Le projet va permettre d'"éviter la récurrence des crises sévères, protéger les consommateurs et nourrir la croissance durable", a renchéri le commissaire européen chargé des services financiers, Michel Barnier.
Il a pour objectif de mettre fin à l'émiettement national de la supervision des banques, marchés et compagnies d'assurance en Europe, qui s'est avéré préjudiciable lors de la crise financière de 2008 et 2009.
La réforme prévoit notamment la mise en place d'un "comité européen du risque systémique", sorte de vigie qui avertira les autorités nationales et émettra des recommandations quand il détecte un problème important pour la stabilité générale.
Elle va conduire aussi à la mise en place de trois nouvelles autorités supranationales chargées de surveiller les banques, les assureurs et les marchés, ayant leur mot à dire dans le contrôle du secteur financier des différents pays. Jusqu'ici, cette mission restait pour l'essentiel du ressort national dans l'UE.
La question des pouvoirs à conférer à ces nouvelles autorités a été au coeur des tractations pendant des mois.
La Grande-Bretagne en particulier, soucieuse de préserver les intérêts de la City, a beaucoup résisté face à ce qu'elle considère comme des atteintes à sa souveraineté nationale de la part des futures autorités.
Elle avait réussi, dans un premier compromis trouvé fin 2009 entre Etats, à obtenir des concessions, et notamment à limiter le droit d'intervention de ces nouvelles autorités en cas de crise, lui permettant de contester une décision qui porterait atteinte à sa "souveraineté budgétaire". Dans le cas où il serait demandé par exemple de renflouer une banque.
Le Parlement a notamment obtenu que cette clause ne puise être abusivement utilisée.

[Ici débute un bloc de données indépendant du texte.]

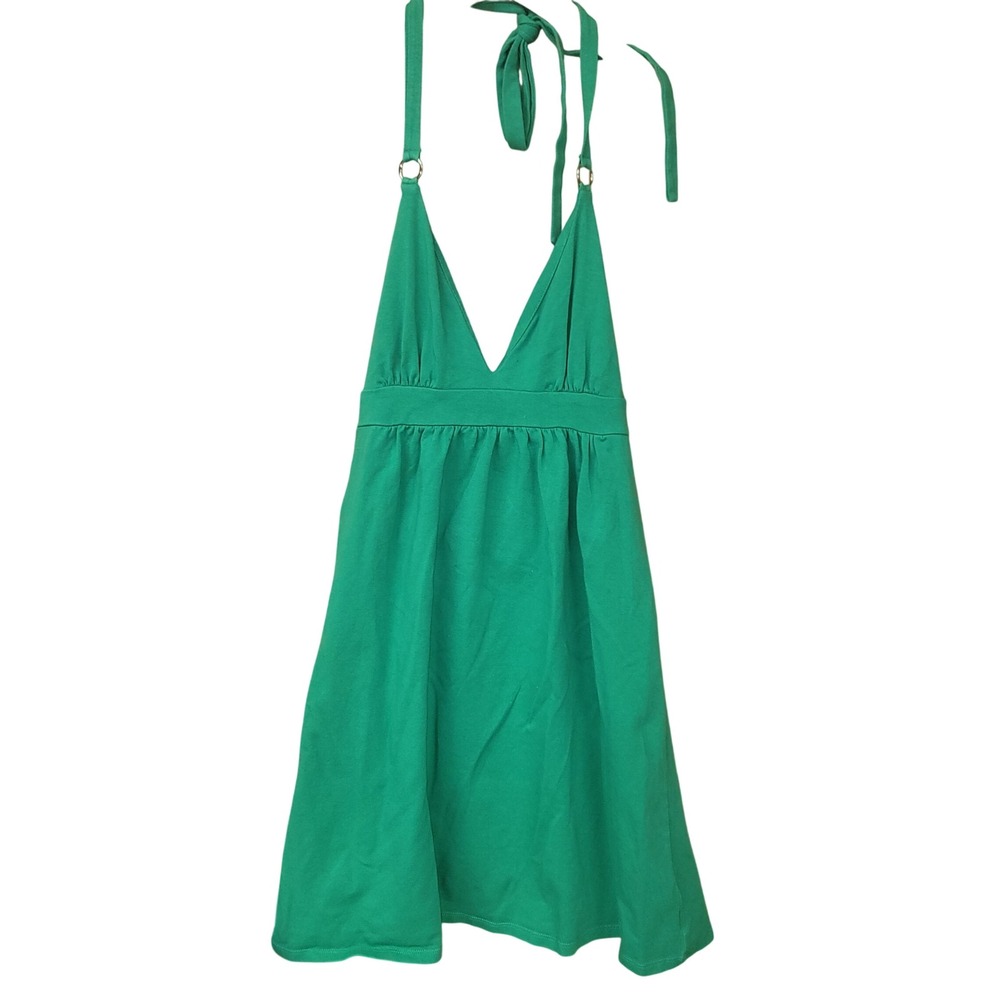 Moda‎ International Green Halter Top V-Neck Gold O-Ring Empire Waist Medium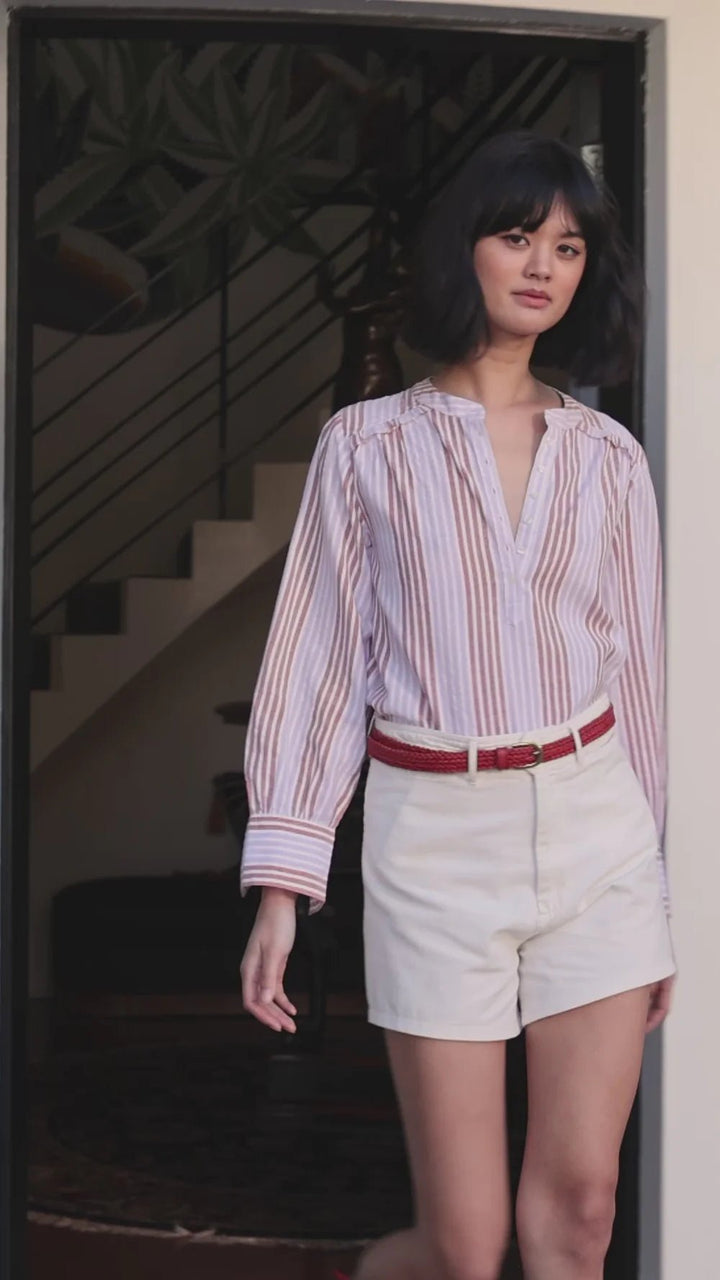 Amelie with Frill Lilac Blouse blouse Marie Louise De Monteray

La mise en place de cette nouvelle architecture financière marque une étape importante dans les efforts de régulation financière de l'Europe, qui s'efforce de ne pas être en retard sur les Etats-Unis.
Parmi les autres chantiers en cours, les Européens peinent cependant encore à avancer sur un projet visant à mieux réguler les fonds spéculatifs (hedge funds). Des discussions ont repris récemment sur ce sujet entre Etats et Parlement, mais restent difficiles.
Ces réformes apparaissent d'autant plus cruciales que la crise financière continue à se faire sentir en Irlande, en pleine tourmente à cause des graves difficultés du secteur bancaire.
Les inquiétudes des marchés ont redoublé ces derniers jours concernant la solvabilité de ce pays, qui doit renflouer largement ses banques.